Bilim insanları geçtiğimiz günlerde, zihin okumaya yönelik yeni bir adım attı. Yapılan çalışmayla, insan düşüncelerini okuyabilen bir yapay zeka modeli geliştirildi. Semantik kod çözücü olarak bilinen invaziv olmayan yapay zeka sistemi, beyin aktivitesini bir metin akışına çeviriyor.
Dil kod çözücünün asıl amacı iletişim kurma yeteneğini kaybeden insanlara yardım etmek olsa da araştırmacılar “zihinsel mahremiyet” ile ilgili bazı soru işaretleri oluşturduğunun da farkındalar. Bunlara ek olarak benzer korkuları yatıştırmayı amaçlayarak, kod çözücülerinin manyetik rezonans görüntüleme tarayıcısında uzun saatler boyunca beyin aktiviteleriyle eğitilmesine izin vermeyen kişiler üzerinde test ediliyor.
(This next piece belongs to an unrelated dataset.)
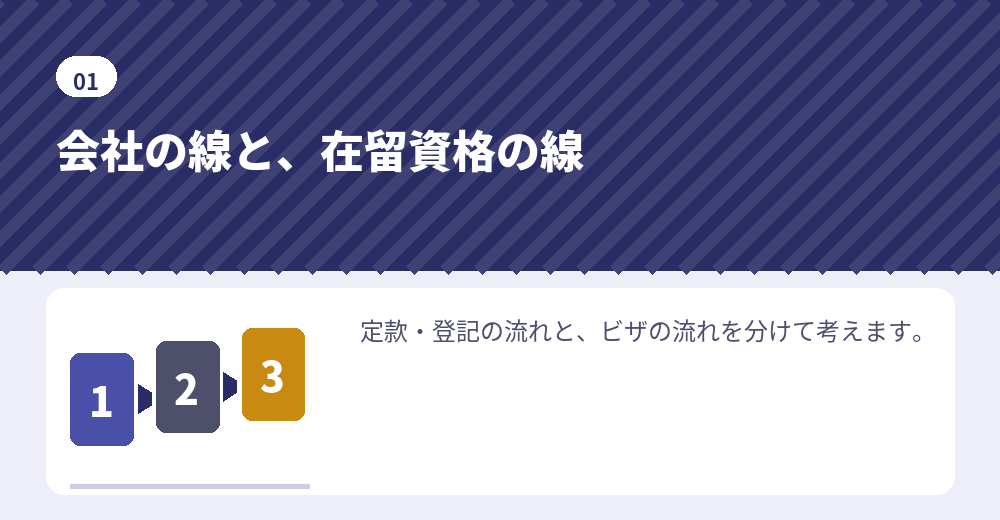 外国人の会社設立は、2本の手続きが並行して進みます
Konuyla ilgili yapılan araştırmalar, bir beyin implantının artık konuşamayan kişilerin kelimeleri ve hatta cümleleri hecelemelerini sağlayabileceğini gösteriyor. Bu beyin-bilgisayar arayüzleri, beynin kelimeleri oluşturmaya çalışırken ağzı kontrol eden kısmına odaklanıyor. Buna ek olarak araştırmanın, invazif bir beyin implantı olmadan sürekli dili yeniden yapılandırabilen ilk sistem olarak tarihe geçeceği söyleniyor. Araştırmacılar, beynin dili işlediği bilinen bölgelerinde nasıl tepkiler verdiğinin öğrenilmesine imkan tanıyor. Bu veriler daha sonra oldukça popüler olan ChatGPT’de konuşlandırılan AI teknolojisinin öncüsü olan GPT-1’i kullanan bir sinir ağı dili modeliyle entegre ediliyıor. Ayrıca bu model, herkesin beyninin algılanan konuşmaya nasıl tepki vereceğini tahmin edebilmek, sonrasında da en yakın cevabı bulana kadar seçenekleri daraltmak üzere eğitiliyor.
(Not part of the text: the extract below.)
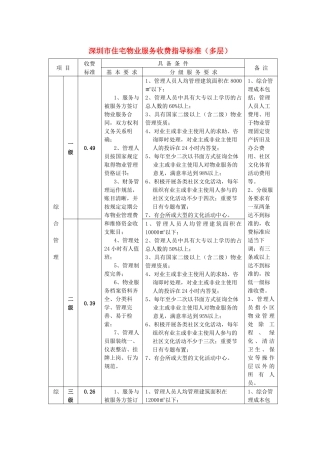 深圳市住宅物业服务收费指导标准(多层)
Hatta daha sonra sisteme, yeni bir hikaye dinletisi yaptırılarak doğruluğu ve çalışabilirliği test edildi. Araştırmacılar, kod çözücünün ‘ben’ ya da ‘o’ gibi zamirlerde zorlandığını ise kabul ediyor. Ancak uzmanlar, makinelerin zihin okuyabildiği ve hatta düşüncelerini konuşmadan yazıya dökebildiği bir geleceğe doğru yaklaştığımızı söylüyor.